**WHAT TO WORK ON:** Your answer is the line containing "Custom Name Snuggle" plus every line after it through the end of the records, printed exactly and free of pictures.

**Short text fragments from websites:**
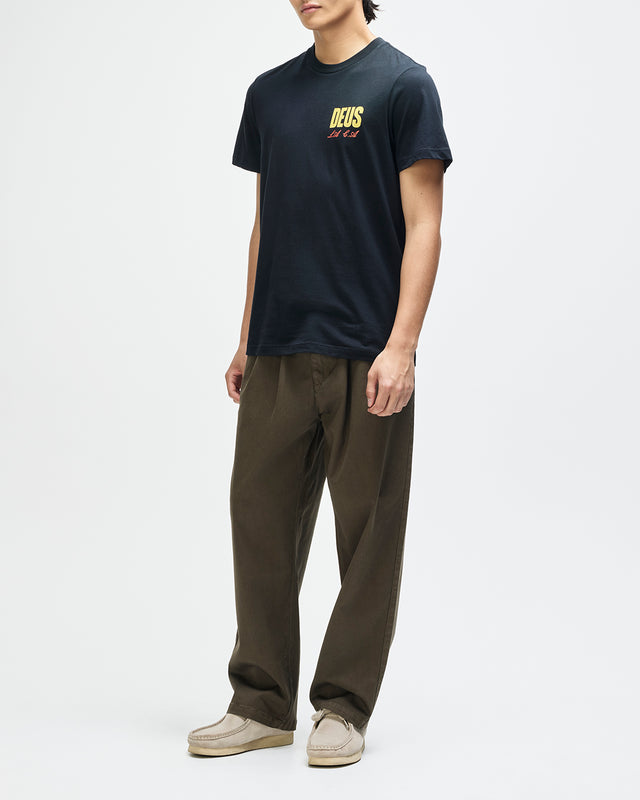 CUTAWAY TEE - BLACK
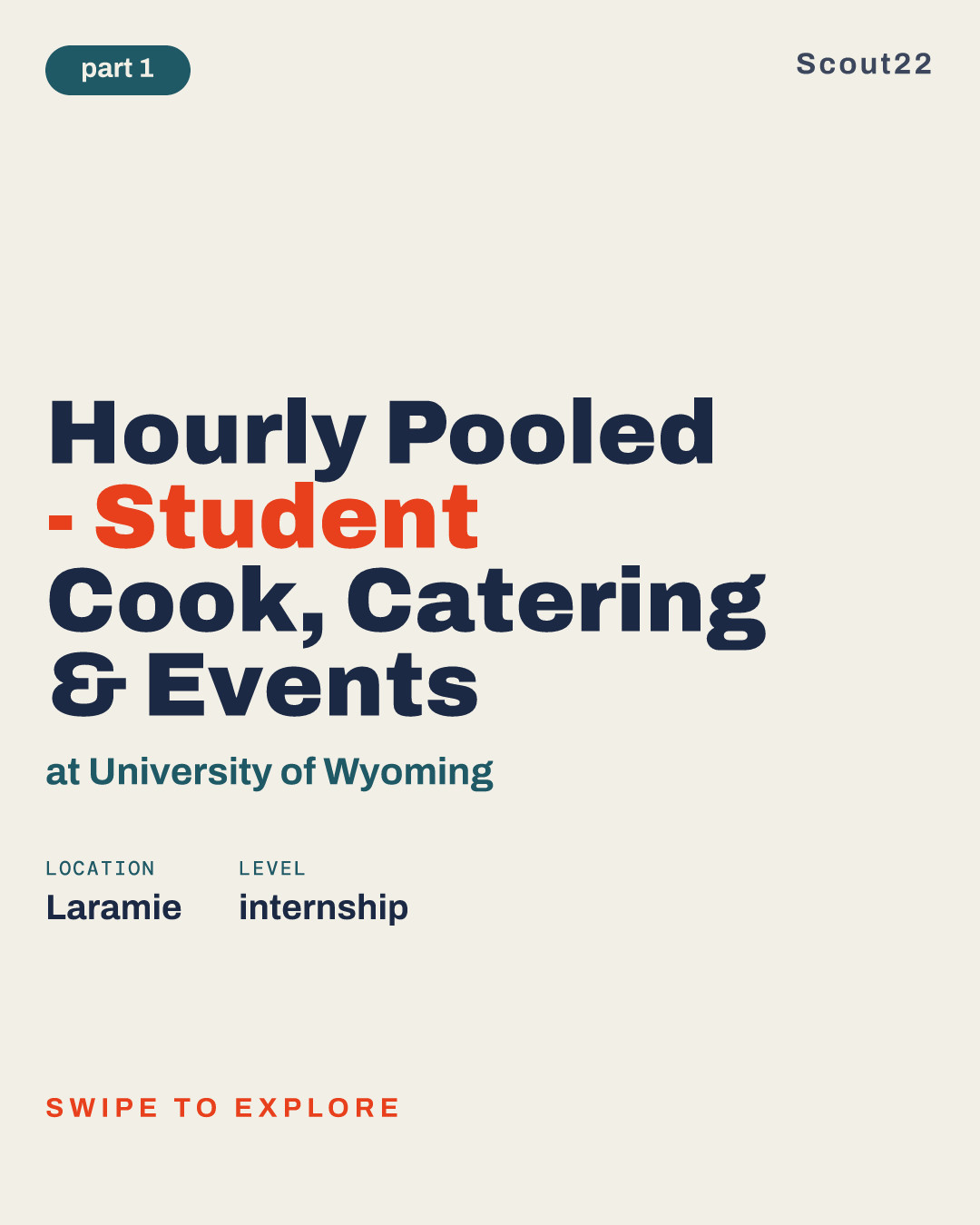 Hourly Pooled - Student Cook, Catering & Events at University of Wyoming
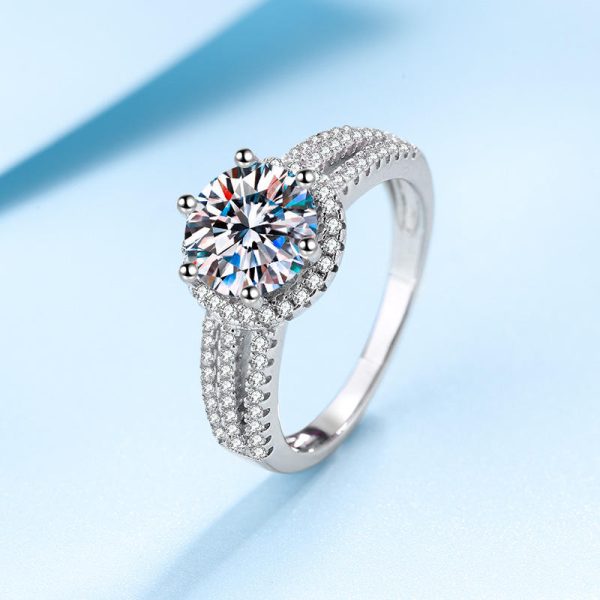 AZ039-J 925 Sterling Silver Couples Ring Sets Light Polishing Simple Ring for Woman Man Classic Wedding Fine Jewelry Circle - Image 5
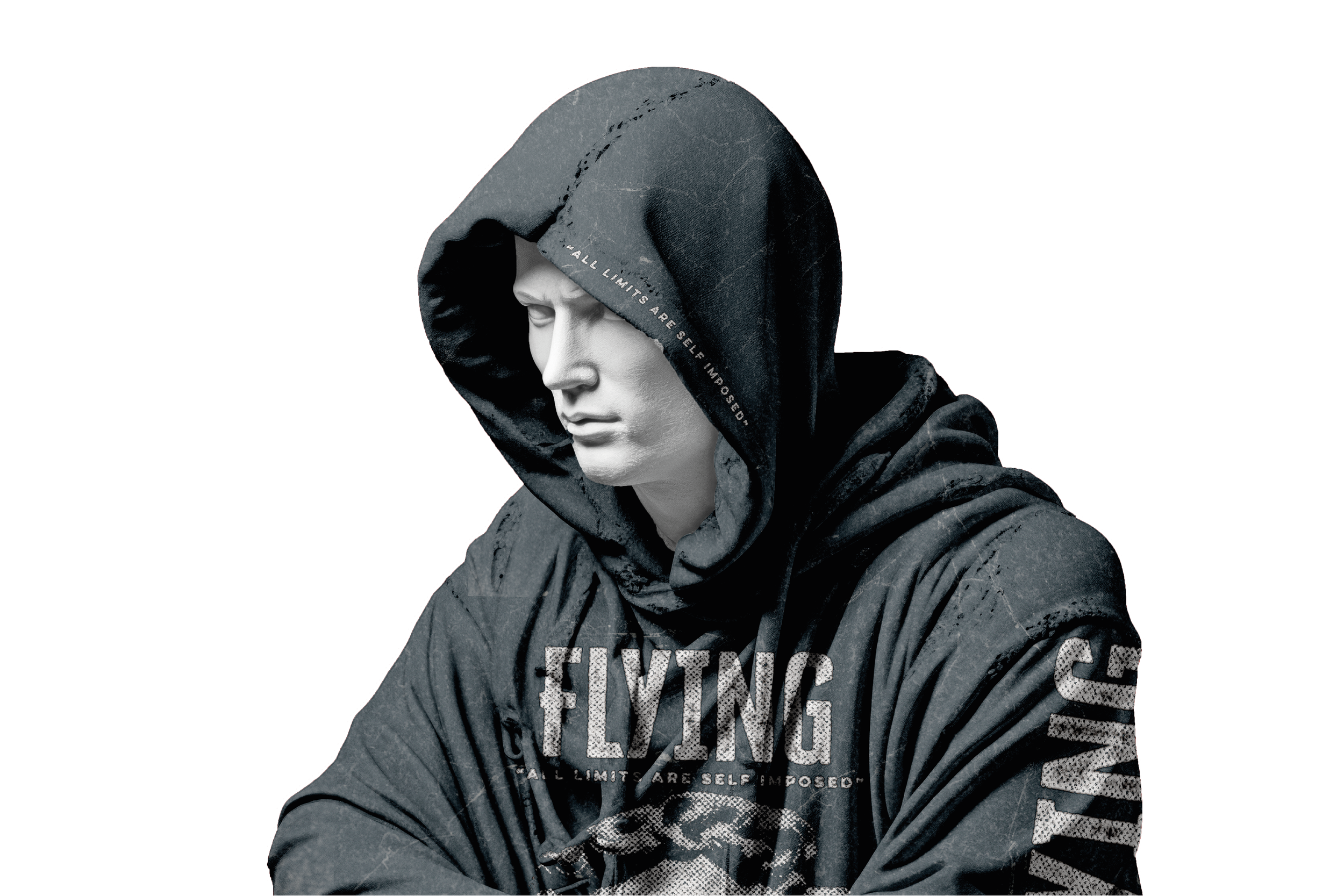 Icarus Hoodie (on model)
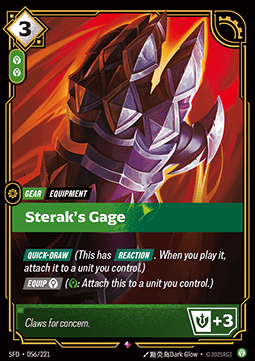 Sterak's Gage - Spiritforged (Rare) [SFD-056]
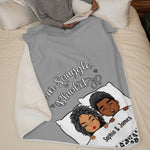 Custom Name Snuggle Couple Gifts - Personalized Blanket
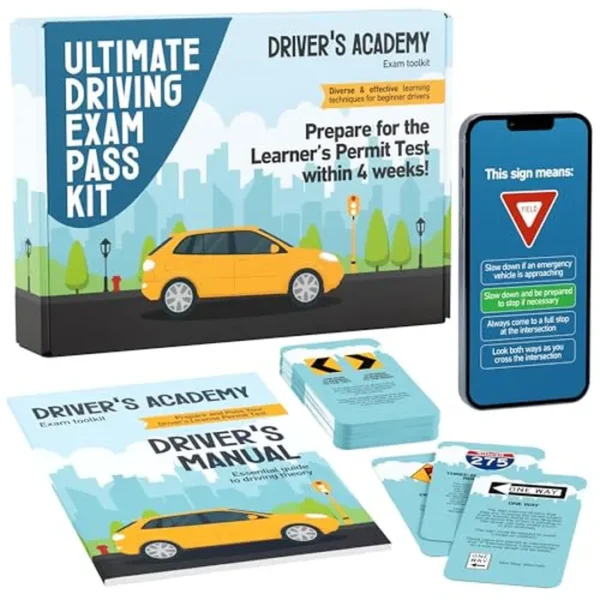 Kit de pase de examen de conducción, regalo para adolescentes y niñas de 15 a 18 años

**WRITTEN ANSWER:**
 Custom Name Snuggle Couple Gifts - Personalized Blanket
 Kit de pase de examen de conducción, regalo para adolescentes y niñas de 15 a 18 años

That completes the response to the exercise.